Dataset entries
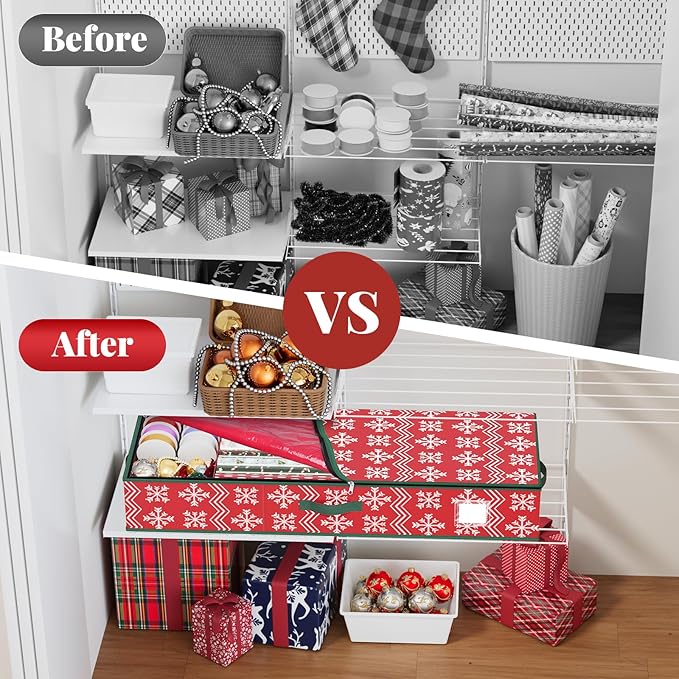 StorageRight Wrapping Paper Organizer Storage Container, Christmas Gift Wrapping Paper Storage Box for Paper Ornaments，Paper Storage Holder for Holiday Decoration Wave/Red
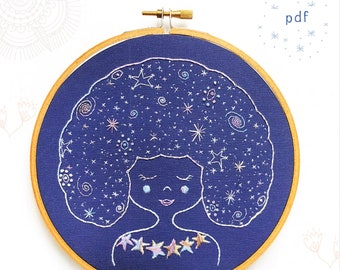 GALAXY GIRL - patrón de bordado pdf, costura DIY, constelaciones, cielo nocturno, chica con estrellas en el pelo, chica celestial, astrológica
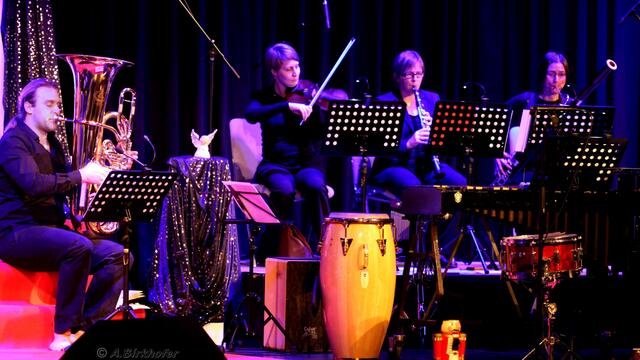 Von links: Andreas Martin Hofmeir (Tuba), Katharina Waldmann (Violine), Barbara Rabin (Klarinette), Selin Bissinger (Fagott)
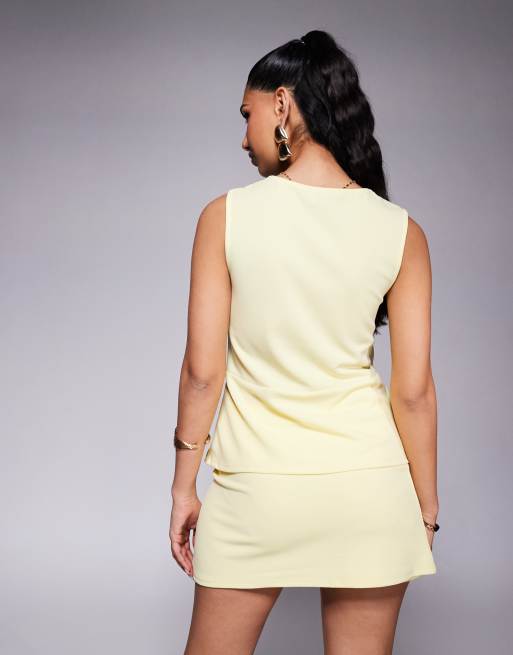 ASOS DESIGN longline asymmetrical button up vest in buttermilk - part of a set, 4 of 4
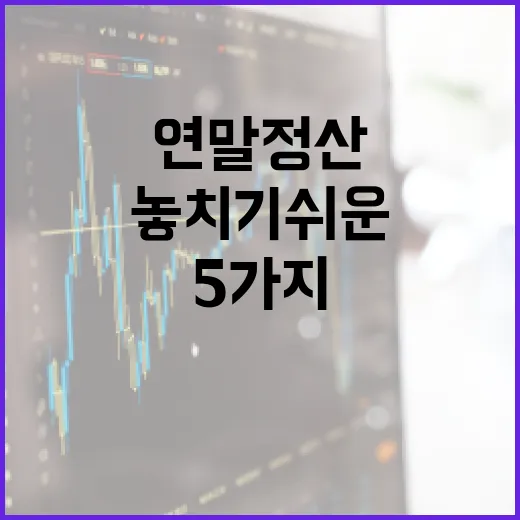 연말정산에서 놓치기 쉬운 돈의 흐름 5가지 - 요약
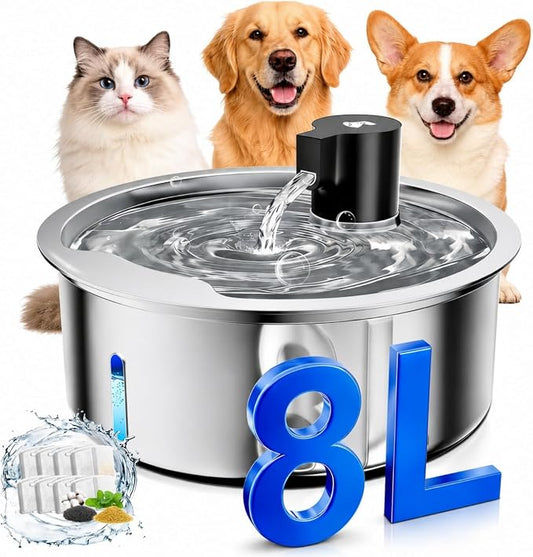 Dog Water Fountain, 8L/2.1 Gal Stainless Steel for Large Dogs & Multi-Pet | Large Dog Water Bowl Dispenser, Quiet Pump, Replacement Filters, Easy Cleaning, Water Level Window, Long Lifespan, Indoor Use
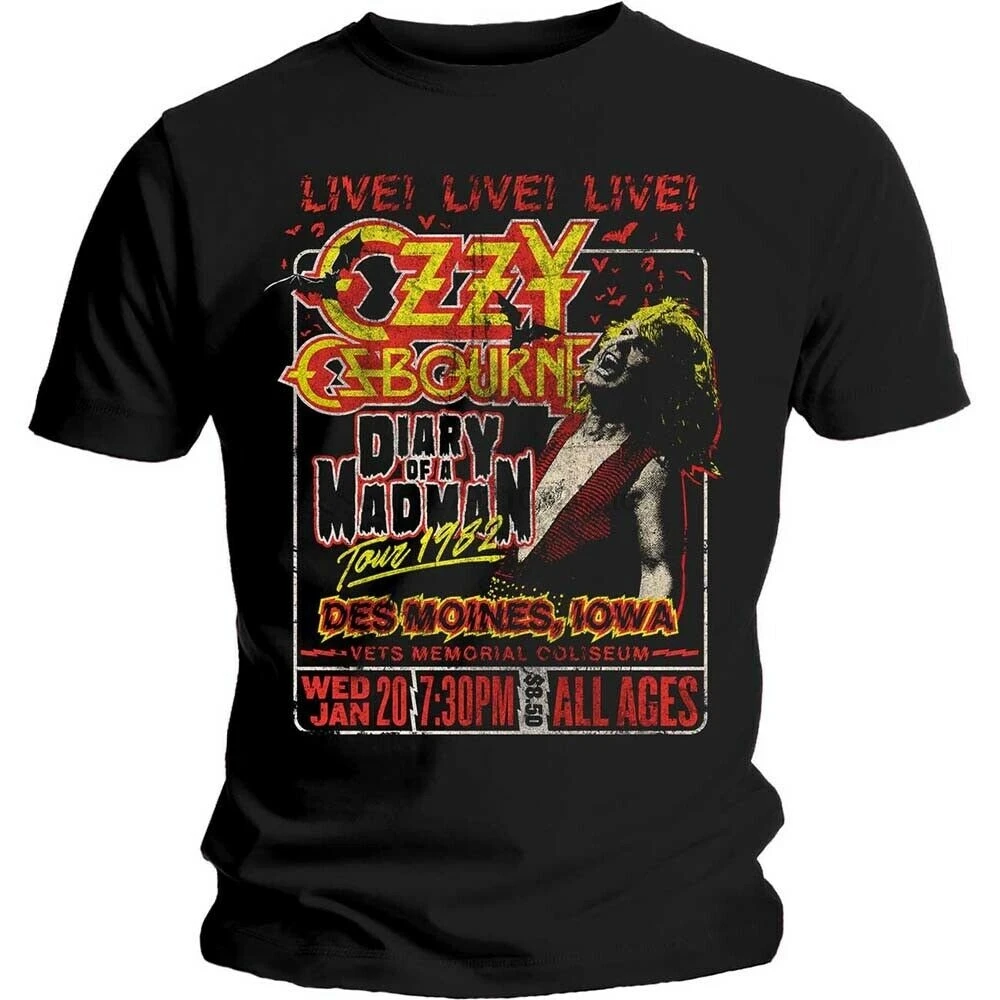 Официальный OZZY osborn Diary Of A Madman Tour 1982 футболка Black Rock Band Tee | Мужская одежда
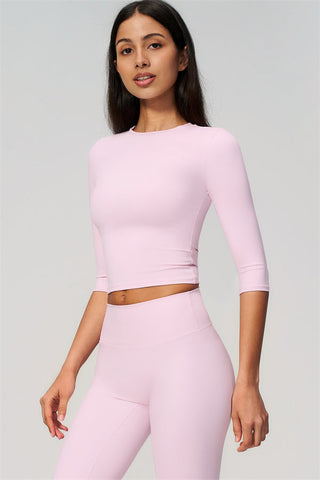 The Natalia Half-Sleeve Top Capri Leggings 2-Piece Set
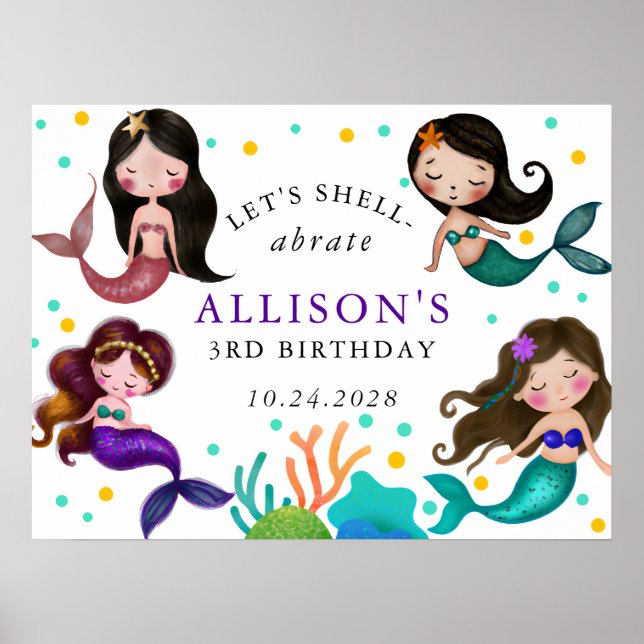 Póster Cumpleaños de las sirenas bajo el mar Chicas bonit (Frente)
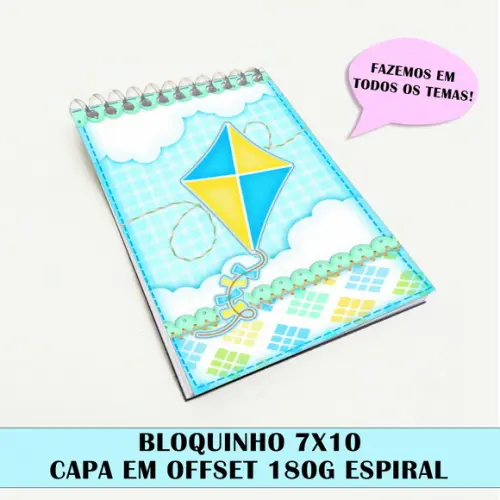 Bloquinho para Festa Tema Pipa e Catavento
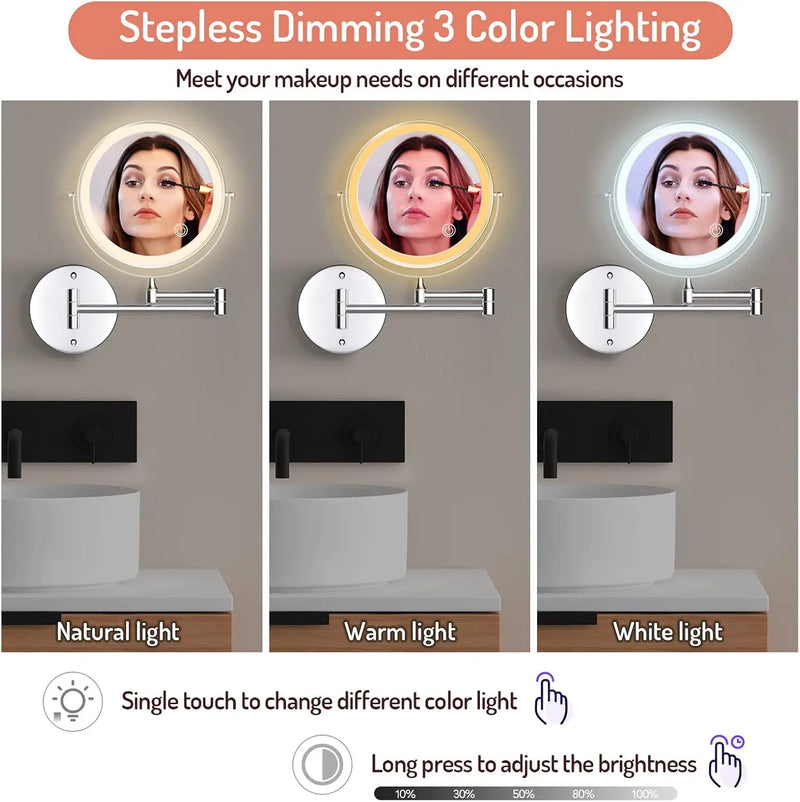 Miroir Grossissant Mural LED Rechargeable Double Face Tactile x5 ou x10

**Task instructions**: Your response should consist solely of the lines from the line with "ASOS DESIGN longline" through the last line of the entries above, printed exactly and without pictures.

**Final answer**:
 ASOS DESIGN longline asymmetrical button up vest in buttermilk - part of a set, 4 of 4
 연말정산에서 놓치기 쉬운 돈의 흐름 5가지 - 요약
 Dog Water Fountain, 8L/2.1 Gal Stainless Steel for Large Dogs & Multi-Pet | Large Dog Water Bowl Dispenser, Quiet Pump, Replacement Filters, Easy Cleaning, Water Level Window, Long Lifespan, Indoor Use
 Официальный OZZY osborn Diary Of A Madman Tour 1982 футболка Black Rock Band Tee | Мужская одежда
 The Natalia Half-Sleeve Top Capri Leggings 2-Piece Set
 Póster Cumpleaños de las sirenas bajo el mar Chicas bonit (Frente)
 Bloquinho para Festa Tema Pipa e Catavento
 Miroir Grossissant Mural LED Rechargeable Double Face Tactile x5 ou x10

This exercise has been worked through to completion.